SELAMAT MEMBACA ❤️
---------------------Bagian paling sakit dalam mencintai, adalah dihadapkan pada pilihan antara perjuangkan, atau lepaskan. Setelah Bian tahu bahwa Kalani tengah berada di rumah Bu Yanti, Bian lebih sering mengunjungi Kalani disana. Beberapa kali Bian membujuk Kalani untuk pulang, lalu bertemu dengan ayahnya. Namun, selama itu pula Kalani selalu menolak. Kalani takut jika ayahnya benar-benar akan memisahkannya dari Bian. Namun, Bian juga tidak bisa membiarkan hubungannya diambang ketidakpastian.
"Kamu mau aku ketemu Papa, terus kita putus. Iya?" Tanya Kalani.

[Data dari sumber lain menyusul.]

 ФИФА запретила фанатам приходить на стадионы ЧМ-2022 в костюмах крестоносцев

"Kamu percaya sama aku, nggak? Aku bakal berusaha yakinin Papa kamu kalau aku tuh nggak kayak mereka di masa lalu."
"Jaminannya apa?"
Bian sedikit tersentak mendengar pertanyaan Kalani, "Kal?"
"Bian, maksud aku-"
"That's okay. Kamu bener, kok. Aku emang belum bisa ngasih jaminan apa-apa untuk saat ini. Papa aku emang punya segalanya. Tapi, aku belum punya apa-apa." Bian mengelus rambut Kalani.
"Aku mau pulang. Tapi, gimana kalau Papa tetap nggak mau kita berhubungan lagi?"

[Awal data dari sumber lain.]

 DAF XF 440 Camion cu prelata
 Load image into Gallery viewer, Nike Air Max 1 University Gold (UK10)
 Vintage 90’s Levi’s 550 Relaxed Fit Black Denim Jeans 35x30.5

Bian terdiam. Bian pun tidak tahu harus bereaksi seperti apa. Awalnya, perjalanan kisah cintanya dengan Kalani sangat mulus dan hanya menemui kerikil-kerikil kecil. Namun, ternyata kini mereka dihadapkan pada tikungan tajam, yang tak pernah mereka bayangkan sebelumnya.
"Itu urusan nanti. Nggak perlu dipikirin apa yang belum tentu terjadi."

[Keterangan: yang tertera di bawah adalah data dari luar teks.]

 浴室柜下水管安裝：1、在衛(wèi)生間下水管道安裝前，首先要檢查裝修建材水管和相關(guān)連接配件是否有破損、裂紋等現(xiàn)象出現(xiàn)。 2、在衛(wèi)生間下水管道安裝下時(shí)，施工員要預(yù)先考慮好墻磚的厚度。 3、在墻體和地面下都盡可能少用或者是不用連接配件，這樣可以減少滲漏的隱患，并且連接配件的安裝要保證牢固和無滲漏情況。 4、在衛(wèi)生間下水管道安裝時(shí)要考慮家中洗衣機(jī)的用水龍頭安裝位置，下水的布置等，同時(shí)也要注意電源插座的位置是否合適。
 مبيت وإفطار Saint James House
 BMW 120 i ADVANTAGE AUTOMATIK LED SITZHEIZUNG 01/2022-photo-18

Hanya itu yang bisa Bian katakan pada Kalani. Pada akhirnya, Kalani pun mau diajak untuk pulang.
---------------------
"Tumben nggak sama cewek lu? Adik ipar lu juga kemana, sih?" Tanya Nayaka.
"Cewek gue lagi pergi sama temennya. Kalo si Bian, gue juga nggak tahu. Gue pikir dia udah ada disini."
"Susah emang kalau udah pada punya cewek. Tapi, gue kasian sama si Bian. Kelanjutan hubungannya gimana sih, Ndu?" Tanya Renjana penasaran.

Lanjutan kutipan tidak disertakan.